Unlike in many previous campaign seasons, the race for Cobb County Sheriff, a post currently held by Neil Warren, has become anything but a sleepy afterthought of a contest. Sadly, much of the rhetoric from Warren’s opponent, Cobb County Police Maj. Craig Owens, has consisted of charges that bear little, if any, relationship to the facts.

This is especially the case concerning a program commonly referred to as “287(g).”

The program, which Warren supports and Owens opposes, is administered by the U.S. Immigration and Customs Enforcement, known by its supporters and detractors alike as “ICE.” 287(g) was part of a major immigration reform package in 1996 that was signed into law by President Bill Clinton. I was a member of the House of Representatives at the time and voted for the legislation.

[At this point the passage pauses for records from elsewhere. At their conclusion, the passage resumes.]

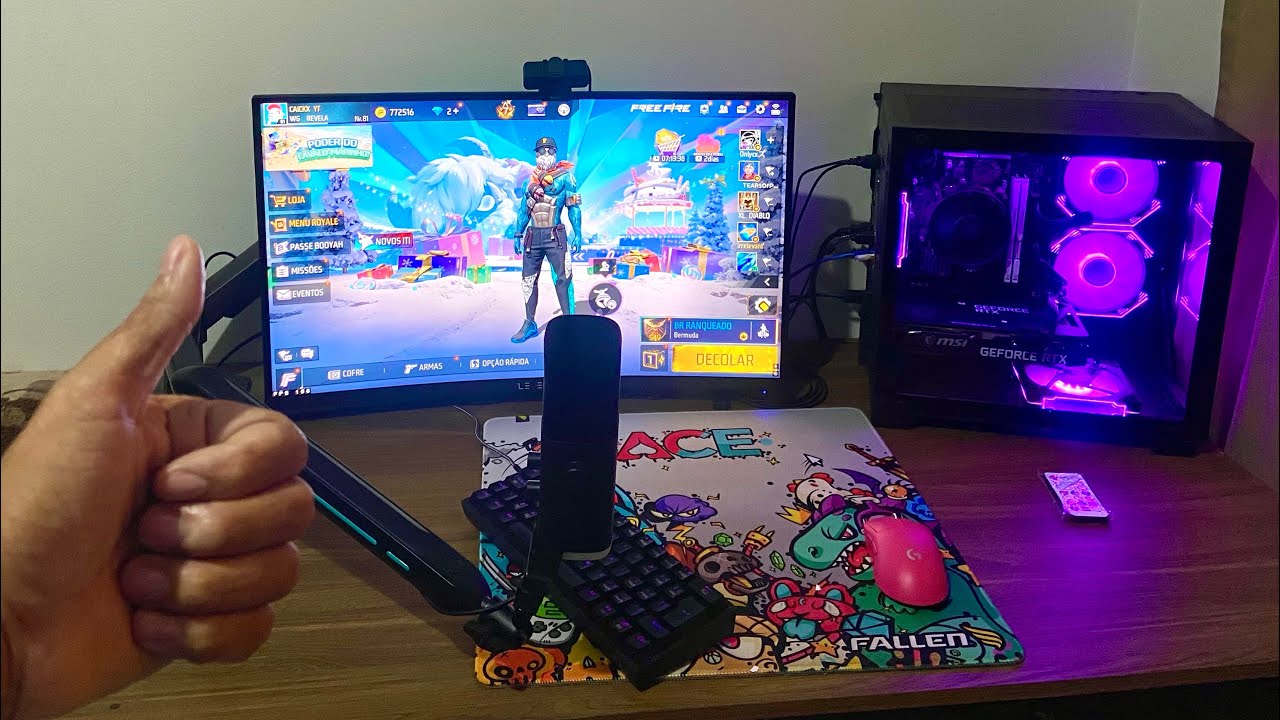 MEU SETUP ATUALIZADO 2026 QUE USO PARA JOGAR FREE FIRE (COM FIFINE AM8)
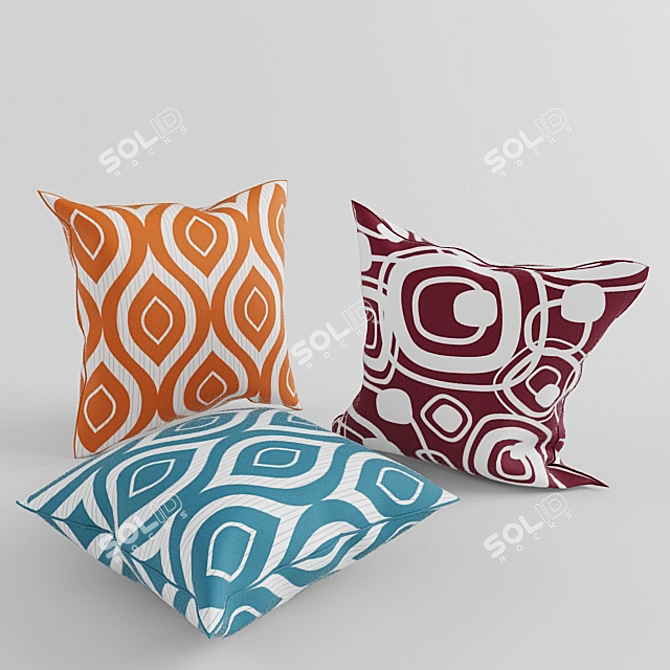 Title: Modern Texture Cushions 3D model image 1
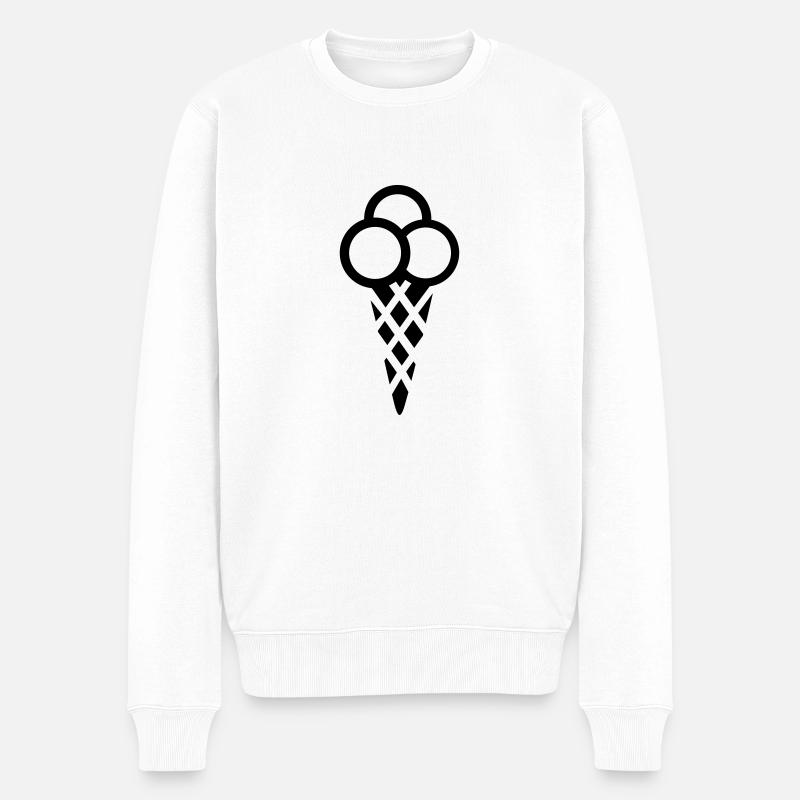 Eis - Männer Premium Bio Pullover - Weiß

287(g) allows local law enforcement agencies like the Cobb County Sheriff’s Office to contract with ICE. Local deputies are trained and deputized to perform certain limited immigration functions. The goal of the program is to determine whether individuals who have been lawfully detained by local law enforcement are in the country illegally. Thanks to this well-established program, federal ICE officials can take custody of such individuals, thereby relieving local law enforcement of the cost and responsibility of housing and caring for them.

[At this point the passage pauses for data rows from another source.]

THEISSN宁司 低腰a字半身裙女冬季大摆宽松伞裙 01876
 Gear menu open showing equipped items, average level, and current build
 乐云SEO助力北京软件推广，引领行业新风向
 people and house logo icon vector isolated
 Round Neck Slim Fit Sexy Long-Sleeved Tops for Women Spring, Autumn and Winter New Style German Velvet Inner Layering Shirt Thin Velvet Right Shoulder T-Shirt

Unfortunately, as with many other federal immigration matters, the 287(g) program has become a political football, resulting in far more partisan sniping than fact-based debate. In the Cobb County sheriff’s contest, for example, Warren’s opponent has called for an end to the 287(g) program, claiming it has become a tool for “profiling,” and is a “waste of resources.” Both charges wilt under even cursory examination.

Despite repeated claims by pro-immigration activists at all levels of government that ICE and local law enforcement agencies abuse the 287(g) program to unlawfully “profile” minorities and immigrants, they have produced no evidence. In Cobb (as in other jurisdictions), the training that all participating deputies must receive mandates profiling to play no role whatsoever in the program’s implementation. Each 287(g) contracting agency must certify no discrimination exists or is tolerated, and it will be booted from the program if any such behavior is shown to have occurred.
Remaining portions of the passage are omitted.